* WHAT YOU WILL DO *
For the records below, copy exactly the span that begins at the line containing "2026 Toyota RAV4 SE" and stops after the line containing "Man 10.225 FOCL - Туристический автобус: фото 3 Man", minus any pictures.

* PROVIDED DATA *
<<<<
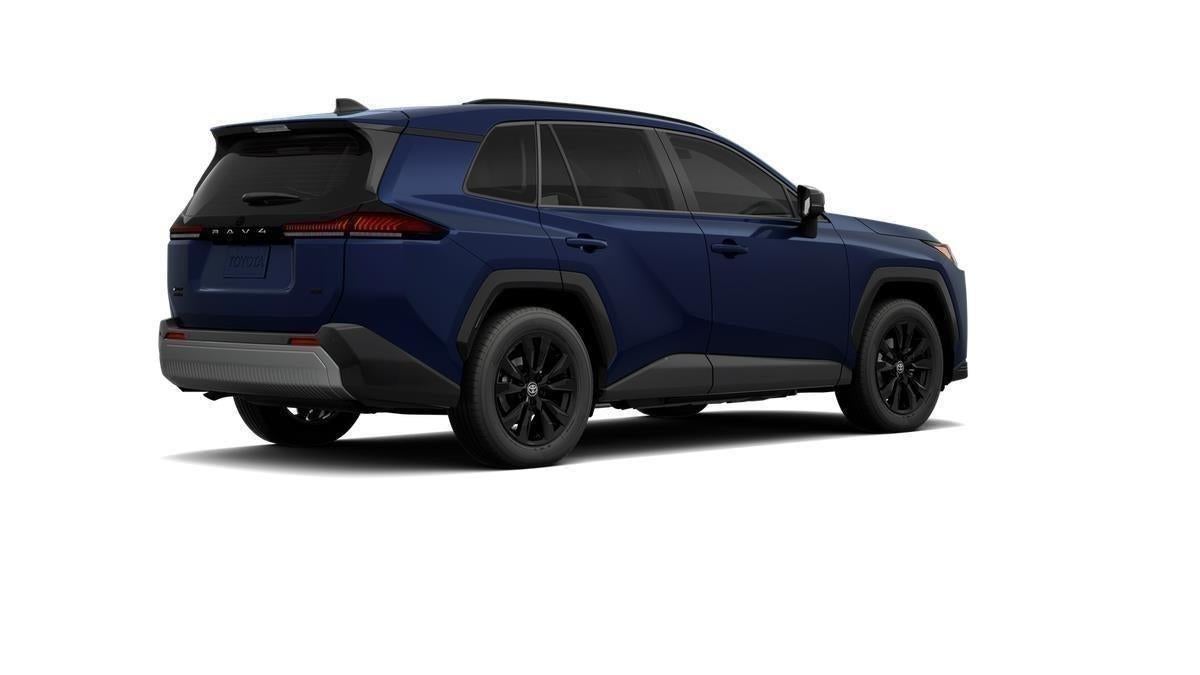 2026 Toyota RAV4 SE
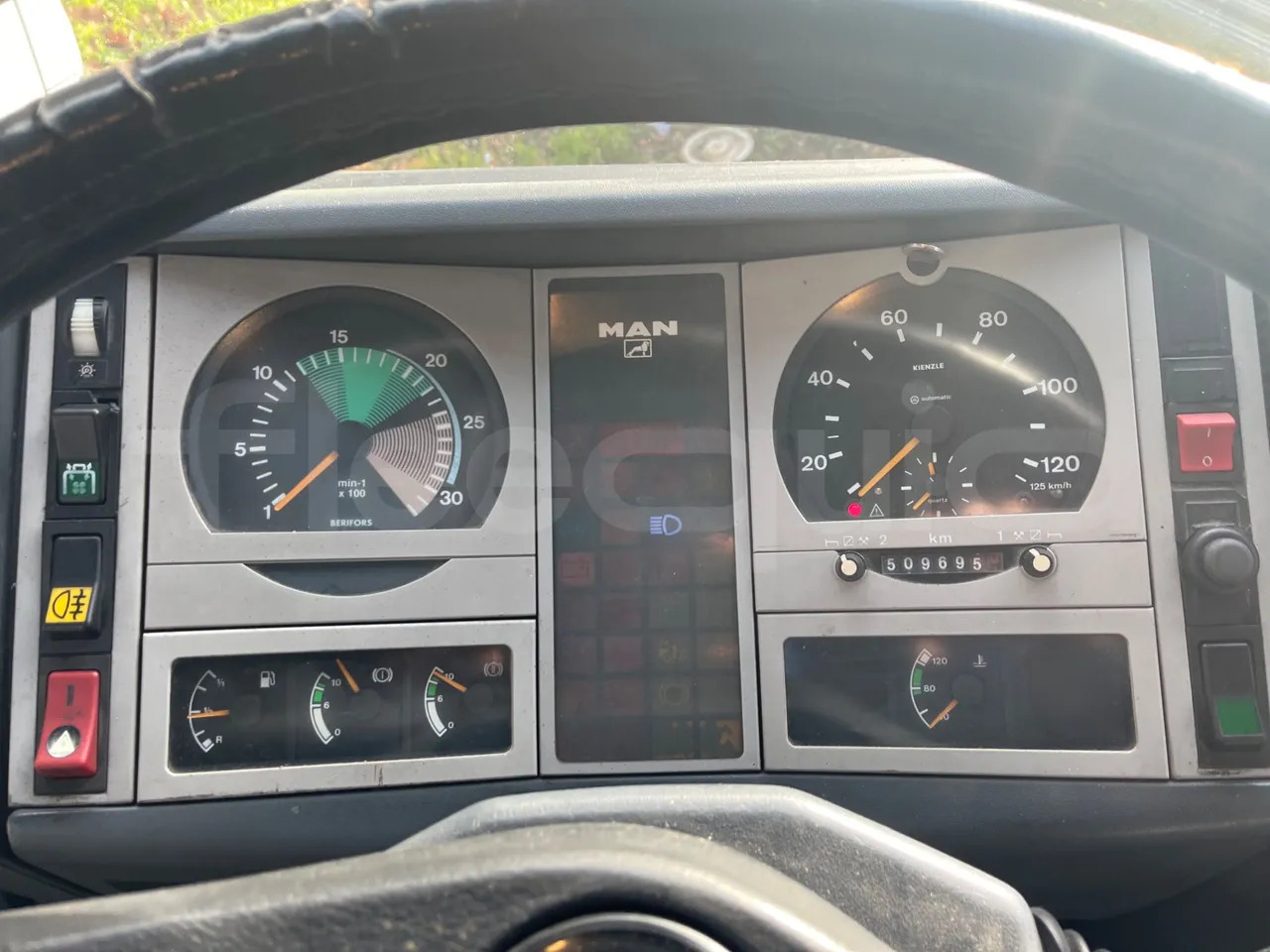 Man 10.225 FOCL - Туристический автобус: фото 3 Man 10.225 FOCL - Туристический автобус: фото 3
>>>>
<<<<
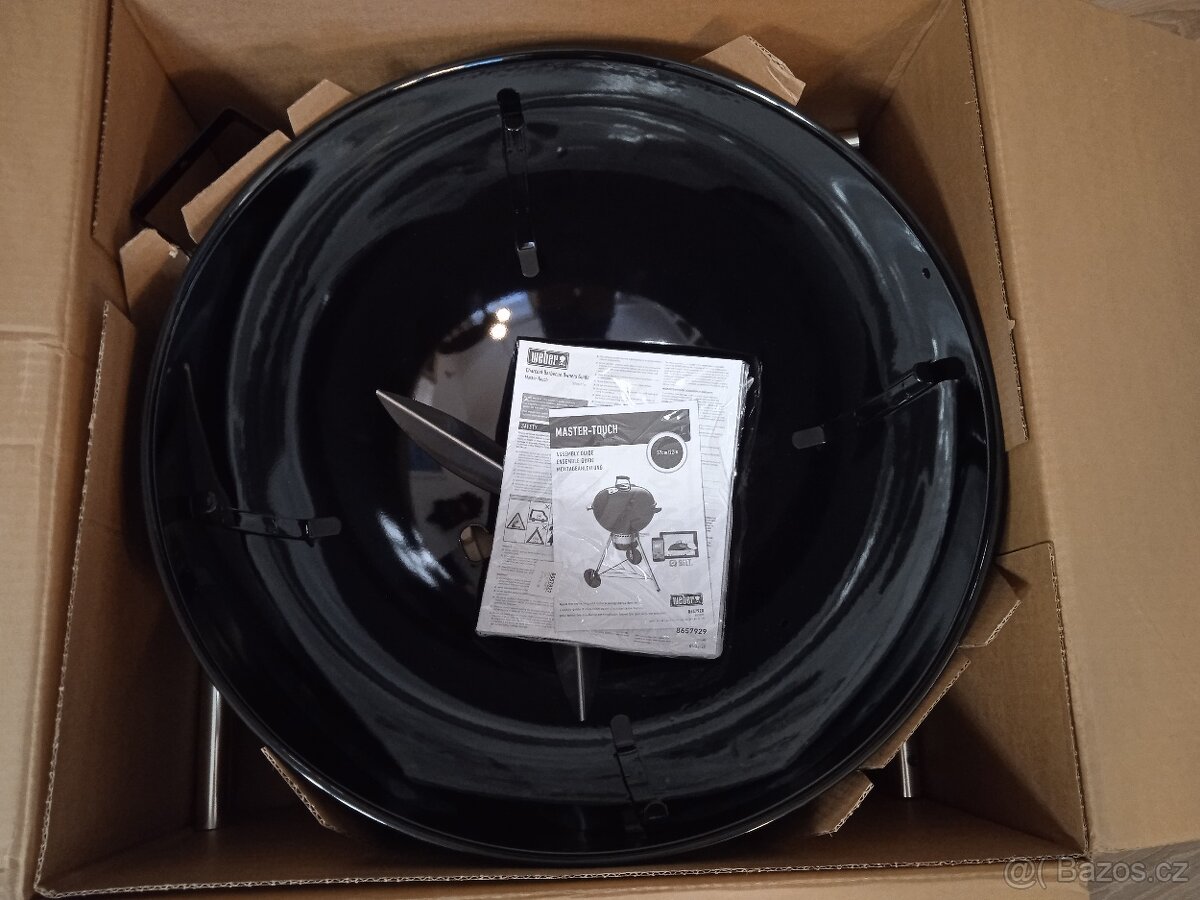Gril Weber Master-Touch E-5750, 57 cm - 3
>>>>
<<<<
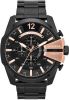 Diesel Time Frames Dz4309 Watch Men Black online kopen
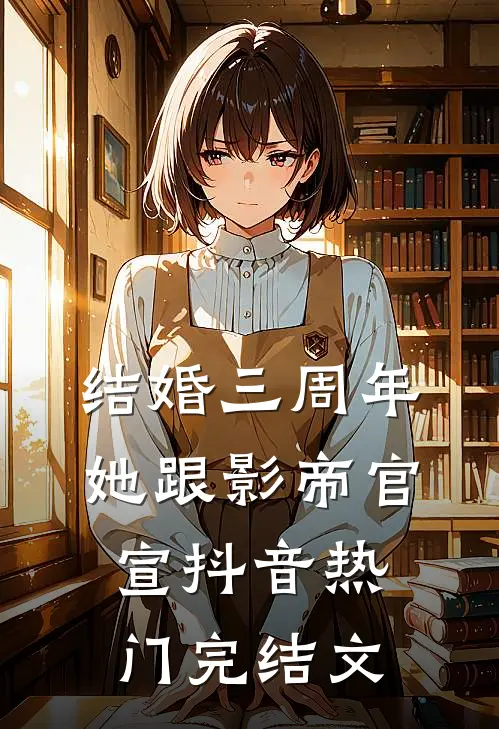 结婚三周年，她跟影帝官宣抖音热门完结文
>>>>
* TASK ANSWER *
 2026 Toyota RAV4 SE
 Man 10.225 FOCL - Туристический автобус: фото 3 Man 10.225 FOCL - Туристический автобус: фото 3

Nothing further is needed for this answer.